Now it’s time to start preparing yourself for surgery. Knowing what to do before your surgery and afterward will help set you up for success – a smooth procedure and a speedy recovery.
Deviated Septum Pre-Op Preparation
The best thing you can do prior to any surgery is ensure your body is in good health. You want to get your blood flowing, because good circulation is essential for healing. To do that:
- You will have to stop smoking, if you’re a smoker, at least two weeks prior to surgery. This applies to marijuana as well as tobacco. You will also have to remain a non-smoker as part of your post-op recovery, so maybe this would be a good time to quit altogether. The reason smoking is banned before surgery is that it constricts your blood vessels.
- We also recommend that you stop drinking alcohol for the week leading up to your surgery, for the same reason.
- Exercise is excellent, especially if you don’t exercise regularly. Exercise delivers blood to your brain as well as the rest of your body, so it can improve your outlook as well as your ability to heal.
The Deviated Septum Surgery Itself
Nose surgery is an outpatient procedure, which Dr. Raval performs at an accredited surgical center. If he is doing only a septoplasty to correct your deviated septum, the entire procedure may take as little as 45 minutes. If you’re having cosmetic surgery to make other changes to your nose at the same time, your procedure might last as long as 4 hours.
About an hour later, you’ll be ready to go home. Driving after surgery is not allowed, so someone else will need to bring you to the surgical center and then pick you up.
The Deviated Septum Post-Op Process
Before you leave the surgical facility, we will give you detailed written instructions that explain what to expect and what to do after you get home. Dr. Raval might recommend that someone stay with you overnight, but that’s not always the case.
What should you expect?
- Depending on the details of your surgery, you will be off work for a few days up to two weeks.
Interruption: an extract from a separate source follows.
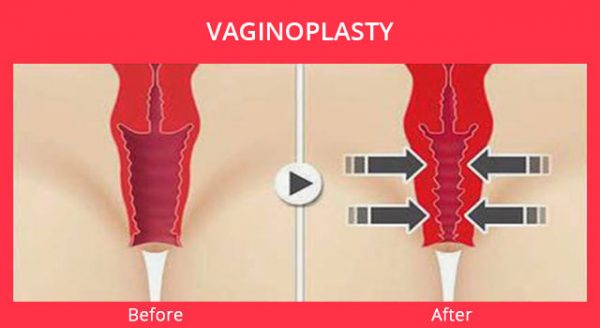 До и после вагинопластики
- Initially, you will have stents inside your nose. These are temporary supports that Dr. Raval will remove in 2 or 3 days.
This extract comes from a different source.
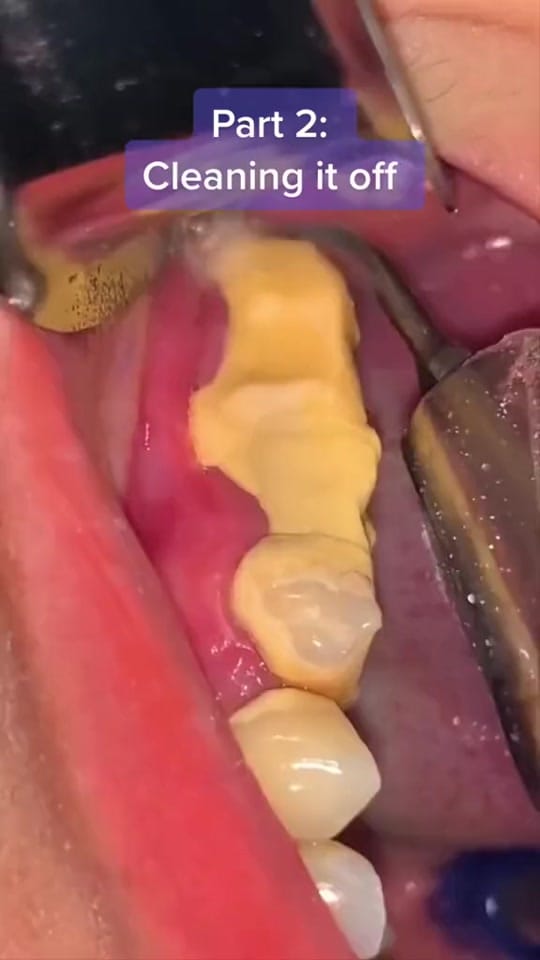 Post 10 by The Kidz Dentist on TikTok (video)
- You may have some bruising or swelling, and the area around your nose will probably feel sore, but most patients report little pain after surgery. Any swelling or bruising will go away on its own within a few days, but carefully applying an ice pack or package of frozen peas can help.
- Your nose will still be congested at first, but don’t be discouraged. This is only because of the temporary stents and packing inside. Do not sniff, just breathe through your mouth for now.
- Your nose may bleed or run a little. Do not blow it, just use a tissue to dab gently.
- Get moving:
- We highly recommend mild exercise after nose surgery, as soon as you feel ready for that. Again, it’s good for your circulation as well as your morale. Think slow walking. No bending over or heavy lifting, as these movements modify blood flow in ways that can hinder recovery.
- After a couple of weeks, you can add aerobics, running, or biking.
- After a month or so, you can get back to your entire routine, no matter how vigorous.
The best thing you can do for yourself is to follow Dr. Raval’s orders to the letter. We give you the post-op instructions in writing so you don’t have to try and remember everything. But every item is important. If you try to shortcut the system because you feel pretty good, you risk delaying your recovery or even damaging all that intricate work Dr. Raval just did to repair your nose.